In a titration for the determination of the chloride ion, a solution of 0.1M agno3 is used against a solution, the volume of which is 100ml. At the completion of the titration, the residual concentrations of silver and chloride ions are equal and the total volume is now 125ml. What additional volume of the silver nitrate solution is needed to effect the precipitation of silver chromate (Ag2CrO4) if the molar concentration of the chromate ion is 1x10^-4.
ksp of AgCl- 1.6x10^-10
Ksp of Ag2CrO4- 9x10^-12
I actually have no idea how to do this question.
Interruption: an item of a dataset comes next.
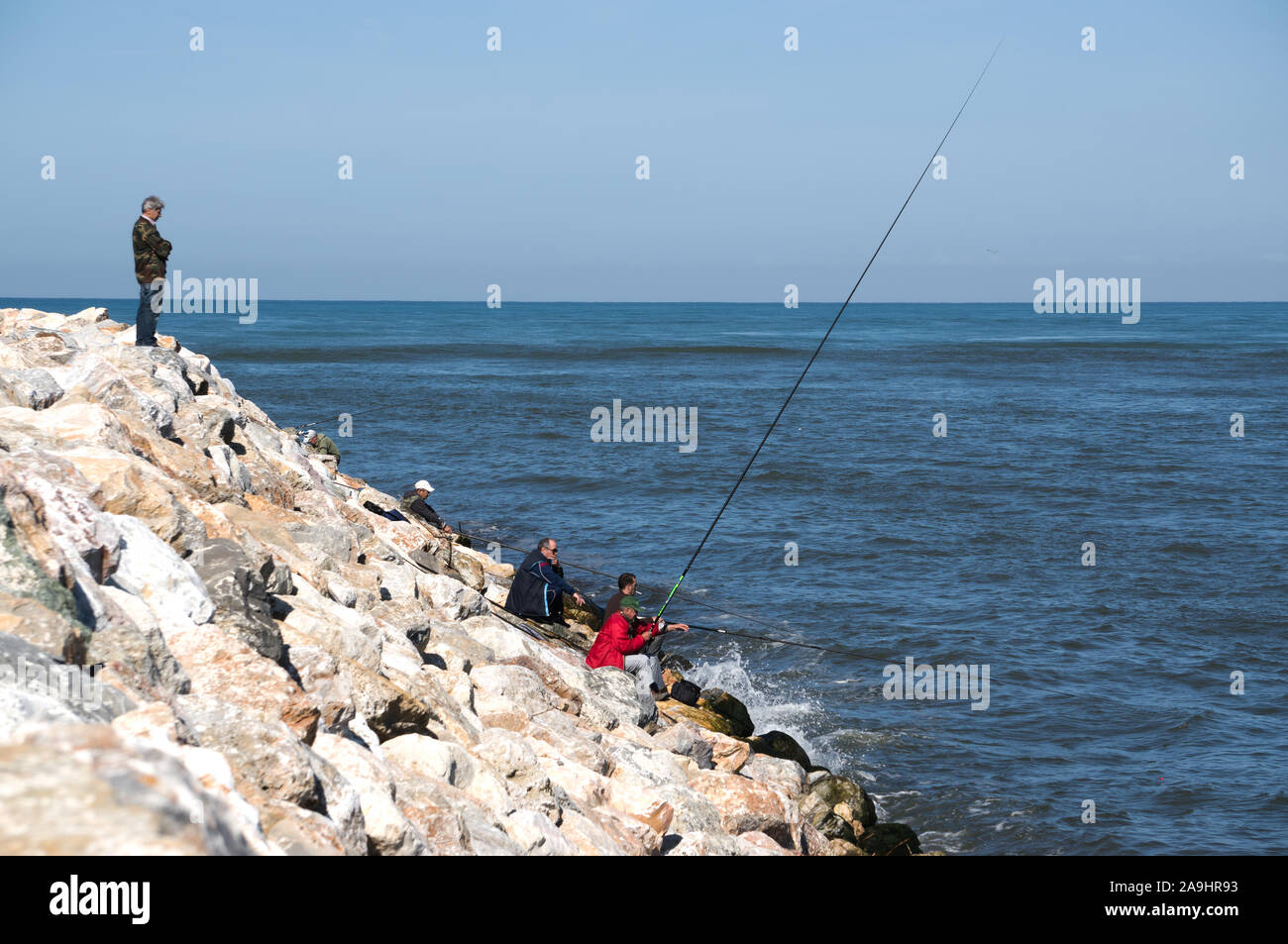 Nuovo Porto Marina di Pisa, Italie, pêcheurs à l'embouchure de la rivière Arno, à l'entrée de la mer Ligure, l'UE Banque D'Images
Please at least give me a starting point.
If you started with 100 mL and ended with 125 mL, you must have added 25 mL of the 0.1M AgNO3. If the (Ag^+) = (Cl^-) at this point you must have titrated all of the Cl^- and you have a saturated solution of AgCl and none of the Ag2CrO4 has pptd. What's the concn of the Ag^+ and Cl^-. That must be
(Ag^+) = (Cl^-) = sqrt(Ksp) = approx 1.3E-5 but you should do it over to obtain a better answer.
To ppt Ag2CrO4, enough AgNO3 must be added to exceed the Ksp for Ag2CrO4.
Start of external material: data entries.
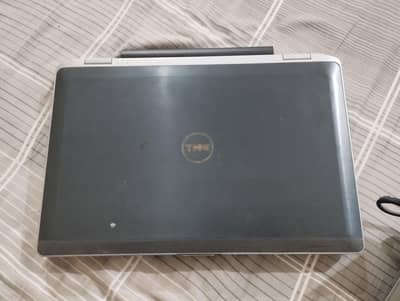 Dell Latitude E6530 for sale for parts only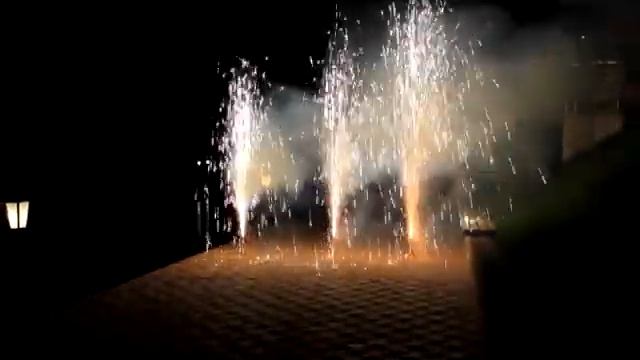 фонтаны 3 вулкана.avi смотреть онлайн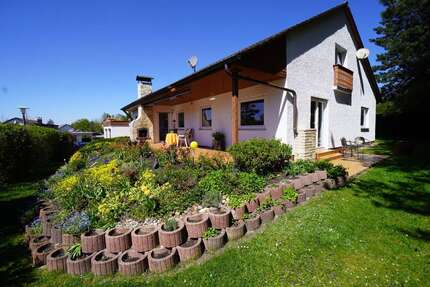 Haus Feucht - 4 Zimmer, 131 m&sup2;, 565.000&euro; | Angebot:26410914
Ksp = 9E-12 = (Ag^+)^2(CrO4^2-)
Substitute 1E-4 for CrO4^2- and solve for Ag^+ in mol/L. Determine mols in 0.125L then use M = mols/L. You know M and mols, solve for L and convert to mL. Usually that gives you the answer, BUT when you do this you are ignoring the Ag^+ present from the solubility of AgCl and it appears to me that approx 1.3E-5M can't be ignored so I would use the formula of
(1.26E-5 +x)^2(1E-4) = 9E-12 and solve for x to find M Ag^+ needed to ppt Ag2CrO4 then add the steps of M Ag^+ needed x 0.125L and then the L = mols/M step. That may turn out that you could have ignored the Ag^+ from AgCl but you'll get practice solving quadratic equation anyway.
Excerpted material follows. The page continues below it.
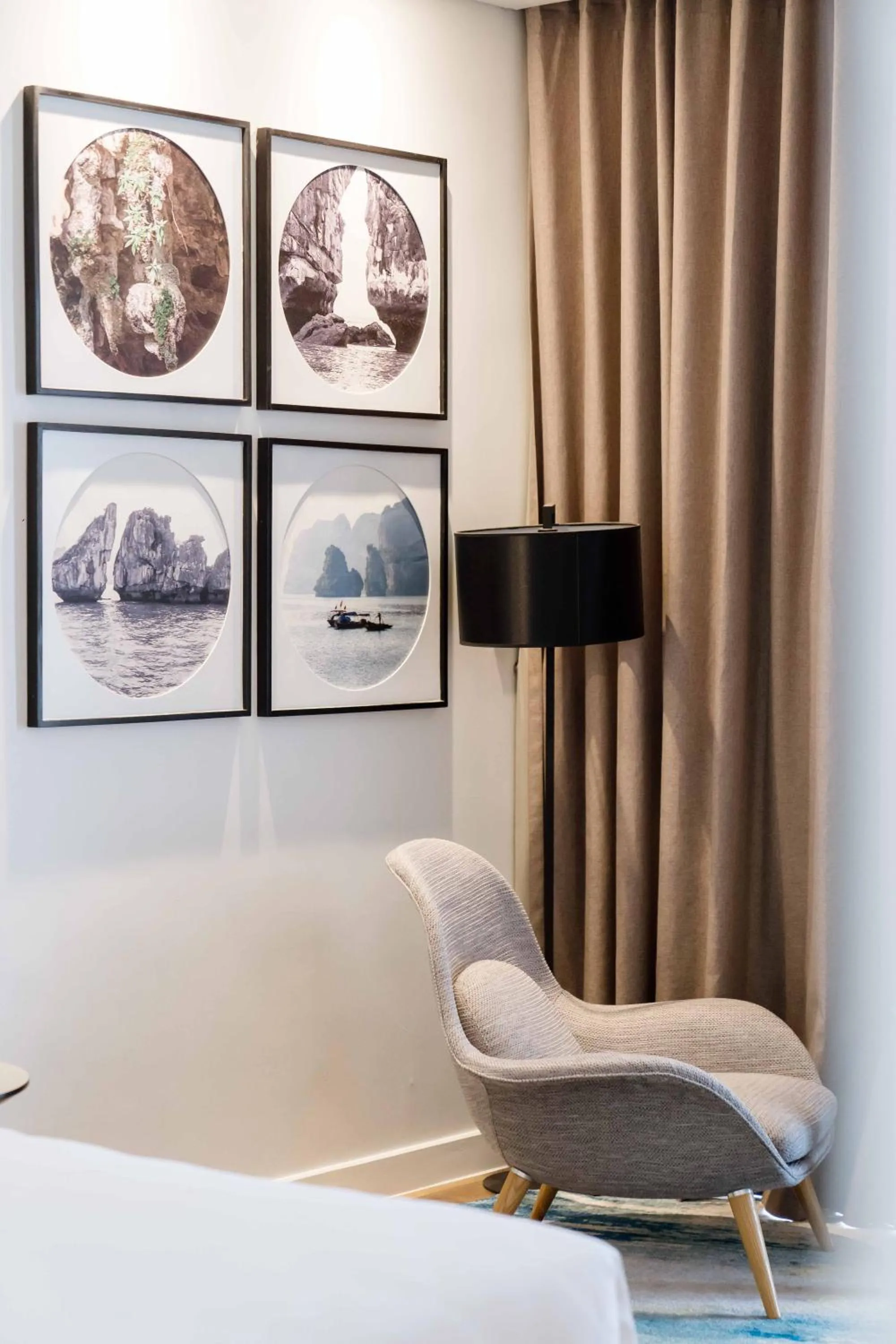 Seating area in Hotel Soleil Ha Long, Trademark Collection by Wyndham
Check my work. If you have a follow up I suggest you copy this and start a new post at the top of the page since this one is down several pages.
To solve this question, we need to consider the stoichiometry of the reaction and the solubility product constants (Ksp) of the reactants.
The reaction we are dealing with is:
AgCl + AgNO3 ⇌ Ag2CrO4 + NaNO3
First, let's determine the number of moles of Cl- ions present in the initial 100 mL solution. We know the initial concentration of AgNO3 is 0.1M, and the volume is 100 mL:
n(Cl-) = concentration(Cl-) x volume = 0.1 mol/L x 0.1 L = 0.01 mol
Since the residual concentrations of silver and chloride ions are equal, the concentration of residual Ag+ ions is also 0.01 mol. The volume is now 125 mL, so we can calculate the concentration of Ag+ ions:
concentration(Ag+) = n(Ag+)/volume(Ag+) = 0.01 mol/0.125 L = 0.08 M
Now, let's consider the solubility product constant (Ksp) of AgCl. The Ksp expression for AgCl is:
Ksp = [Ag+][Cl-]
Considering that [Ag+] = [Cl-] after the titration, we can simplify the expression:
Ksp = [Ag+]^2
Substituting our known values:
1.6x10^-10 = (0.08)^2
Solving for [Ag+]:
[Ag+] ≈ √(1.6x10^-10) = 4x10^-6 M
To precipitate silver chromate (Ag2CrO4), a reaction needs to occur when the concentration of Ag+ ions exceeds the Ksp value for Ag2CrO4. The Ksp value for Ag2CrO4 is 9x10^-12. Thus, we can set up and solve an equation to find the concentration of Ag+ ions required:
[Ag+]^2[CrO4-2] = Ksp for Ag2CrO4
Substituting the given Ksp value for Ag2CrO4 and the known [Ag+] value:
(4x10^-6)^2[CrO4-2] = 9x10^-12
Solving for [CrO4-2]:
[CrO4-2] ≈ 9x10^-12 / (4x10^-6)^2 ≈ 0.5625 M
The molar concentration of the chromate ion is given as 1x10^-4, which is higher than the calculated value of 0.5625 M. This means that the concentration of chromate ions is in excess, and the limiting reactant in this case is Ag+ ions.
To find the additional volume of silver nitrate solution needed, we can use the equation:
volume(AgNO3) = (n(AgNO3) / concentration(AgNO3)) - volume(initial solution)
Substituting the known values:
volume(AgNO3) = (0.01 mol / 0.08 mol/L) - 0.1 L = 0.125 L - 0.1 L = 0.025 L or 25 mL
Therefore, an additional volume of 25 mL of silver nitrate solution is needed to precipitate silver chromate (Ag2CrO4).